The purpose of this study is to investigate the effectiveness of five sessions of cathodal tDCS over the left DLPFC on inhibitory control/response inhibition in children and adolescents with ADHD. Investigators hypothesize that multiple sessions of cathodal tDCS will induce a greater and long-term effect on inhibitory response in children and adolescents with ADHD.

Detailed Description

Attention-deficit hyperactivity disorder (ADHD) is one of neural development disorder that characterized by a persistent pattern of inattention, impulsivity and hyperactivity. This disorder begins in childhood and often lasts into adulthood. Rates of ADHD diagnosis have been rising in recent years, a prevalence estimates from 3-7% of childhood worldwide. A recent national prevalence shows that 8.1% of Thai primary school-age children are affected by ADHD . Pharmacological treatment used in ADHD is well-established, however, each patient responds to medication differently and treatment in some of them are limited by side effect and abuse of medication.

In the last decade, transcranial direct current stimulation (tDCS) has received a surge of interest in clinical research since it could modulate cortical excitability and induce plasticity in human brain. The device sends a constant low direct current (e.g. 1-2 mA) delivered to the area of interest through the electrodes. This induces shifts in neuronal resting membrane potential changing cortical excitability. Based on the polarity-specific effects, anodal tDCS increases cortical excitability and cathodal tDCS decreases cortical excitability. To change the cortical excitability, tDCS differs from other brain stimulation techniques such as transcranial magnetic stimulation (TMS) in that it does not cause action potentials in cortical neurons, but rather induces shifts in neuronal resting membrane potential. This is considered to induce a lesser or no risk of a seizure. Given its advantages such as painlessness, safety, easiness to use, and low-cost, a number of tDCS studies has been increasing in the last decade particularly in motor rehabilitation and neuropsychiatric disorders such as depression, autism and schizophrenia with a positive and safety reports in adult and pediatric populations. Possible after-effect of tDCS has been also reported in motor and psychological disorders that opens a way to use tDCS as a therapeutic tool.

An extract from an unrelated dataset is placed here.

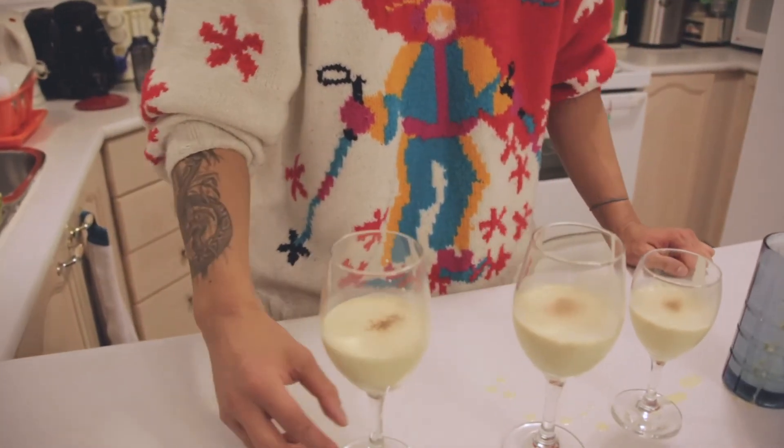And there you have it — TK's specialty eggnog. Thank you Roots Music Canada for asking me to share my holiday recipe. I hope you folks enjoyed it too. I'll see you next time. Cheers.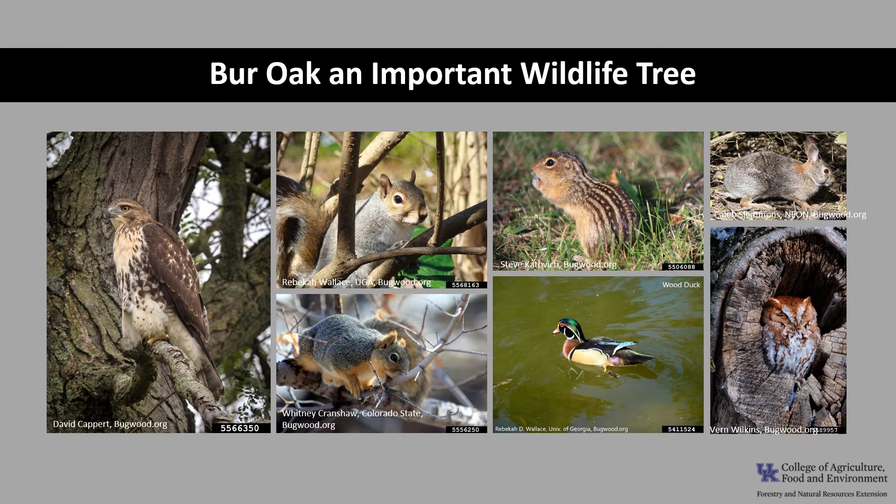Burr Oak, like most oaks, is an important wildlife tree. The acorns are consumed by birds and mammals including squirrels, rabbits, ground squirrels, mice, deer, and possibly wood duck and blue jays. The foliage is eaten by deer and cattle, and red-tailed hawks, screech owls, fox squirrels, and flying squirrels nest in the large canopies.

The most accepted theory of neural basis of ADHD is deficient of inhibitory control resulting in executive dysfunction. Inhibitory control or response inhibition is key feature of self-control and can be defined as ability to inhibit prepotent actions. Several evidences reveal a physiological association between the prefrontal cortex and its subcortical connection with the pathophysiology of ADHD. Neuroimaging studies demonstrate that regions of the right dorso-lateral prefrontal cortex (DLPFC) play a role in the inhibition of motor response. During preforming an inhibitory task that is usually used to evaluate the efficiency of response inhibition such as stop-signal and go/no-go tasks, this area become active in healthy individual, while in ADHD showed hypo-activation compared to control.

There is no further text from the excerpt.